From the line with "Affordable residential landscaping" to the line with "spring-Mug / Coffee Cup", retype every line exactly, including those two, and leave out the rest of the data below.

_Dataset content:_

※ ※ ※

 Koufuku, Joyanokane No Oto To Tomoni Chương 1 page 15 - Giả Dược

※ ※ ※

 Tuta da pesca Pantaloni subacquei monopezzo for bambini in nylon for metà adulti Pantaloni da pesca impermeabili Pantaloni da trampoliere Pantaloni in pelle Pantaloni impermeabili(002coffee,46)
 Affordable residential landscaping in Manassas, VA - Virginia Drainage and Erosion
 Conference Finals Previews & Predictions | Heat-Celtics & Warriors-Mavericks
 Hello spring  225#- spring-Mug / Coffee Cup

※ ※ ※

_Expected answer:_
 Affordable residential landscaping in Manassas, VA - Virginia Drainage and Erosion
 Conference Finals Previews & Predictions | Heat-Celtics & Warriors-Mavericks
 Hello spring  225#- spring-Mug / Coffee Cup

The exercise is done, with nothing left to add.